Mentorship, enhanced by technology, is the final component whose addition will transform the first three from necessary to sufficient. No one knows how to succeed in difficult circumstances like those who have overcome the same odds. TAP compensates successful individuals to go back and reinvest in their communities, while using technology to rigorously match mentors to mentees, fine-tune the mode and frequency of mentor interactions, and measure and improve the efficacy of interview preparation and coaching. Mentorship may not “scale” in the typical sense, yet technology can be an incredible means of instilling it, free from physical limitations. 

The result is a complete educational offering emphasizing both discrete skills and the wisdom of experience. That offering is in the extremely capable hands of Jason’s and my TAP co-founder Tim Raftis, a product manager and startup operator with an unparalleled ability to turn raw data and user requirements into industry-standard software (as he did at two prior companies I co-founded, Palantir and Affinity).

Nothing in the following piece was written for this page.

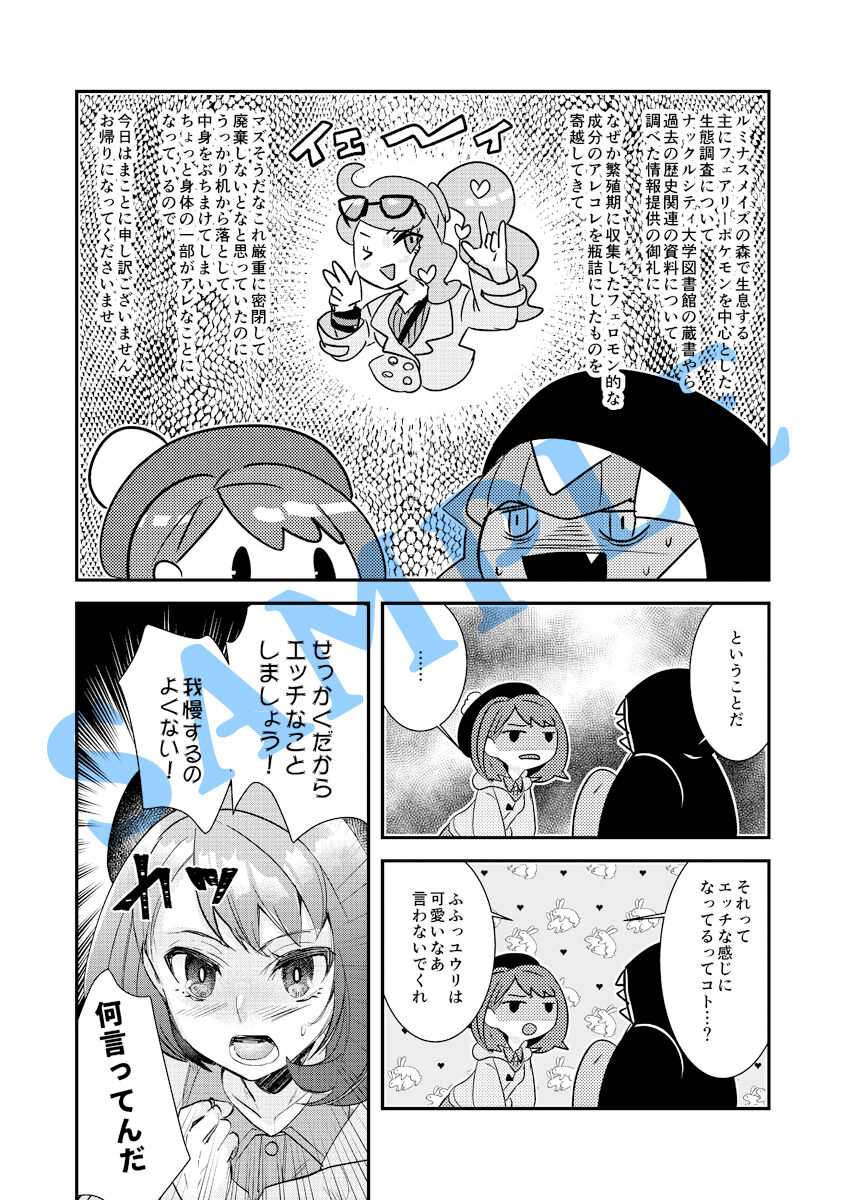 Amai himitsu to hito de nashi page 4 full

TAP advisor Jodi Anderson (L) lesson planning with Chief Learning Officer Warren Mercer (R). Photo Credit Jason Spyres.

The value of building advanced skills goes far deeper than getting a better job the next time around (which is itself life-changing, and taken for granted by too many in the professional class). On an individual level, the dignity of performing difficult, skilled work is hard to overstate, as is the confidence instilled by closing the gap between one’s potential and degree of self-actualization. The result is an identity that is earned, not labeled, and is thus truly one’s own. On a societal level, skilled work defines our standard of living, and will determine whether we rise to the challenge in areas as diverse and consequential as energy, life sciences, and healthcare. 

Utopian proposals to create economic mobility have failed because they’ve focused on zero-sum equations and attempted to create effects without causes. Even more insidiously, they’ve decoupled static indicators from the real individuals these programs are supposed to serve. Few would consciously deny the human capacity to uplift ourselves - in the words of William Faulkner, “a spirit capable of compassion and sacrifice and endurance.” Why, then, aren’t more people talking about new paths to prosperity rather than redistribution schemes?

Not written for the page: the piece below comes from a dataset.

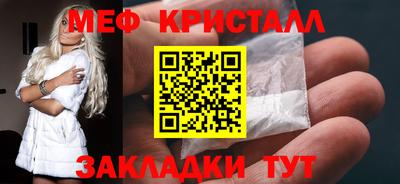 герыч Канаш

In considering the task before us, I like to reflect on the wisdom of leaders from Ronald Reagan, who quipped that “the best social program is a job”, to FDR, who cautioned that “no country, however rich, can afford the waste of its human resources". TAP emphasizes both responsibility and aspiration, using a model that is practical, sustainable, and commonsense. Yet it is also radical - in its rejection of pessimism and the status quo, and its belief that anyone can make it in America. 

In this next chapter, TAP is focused on piloting our first training programs with industry partners, and we recently conducted our first, for a major high-tech manufacturer. We will be learning and iterating intensively, with the goals of 1) facilitating transformational learning and 2) scaling from hundreds, to thousands and eventually millions of participants. Crucially, it is the participants who will be changing their own lives, through hard work and advancing skills, and those of others in their communities, as successful graduates reinvest their knowledge through mentorship. While no one else can walk the path for them, it will be an honor to provide our fellow citizens with a few critical signposts as they take their place in advanced industries.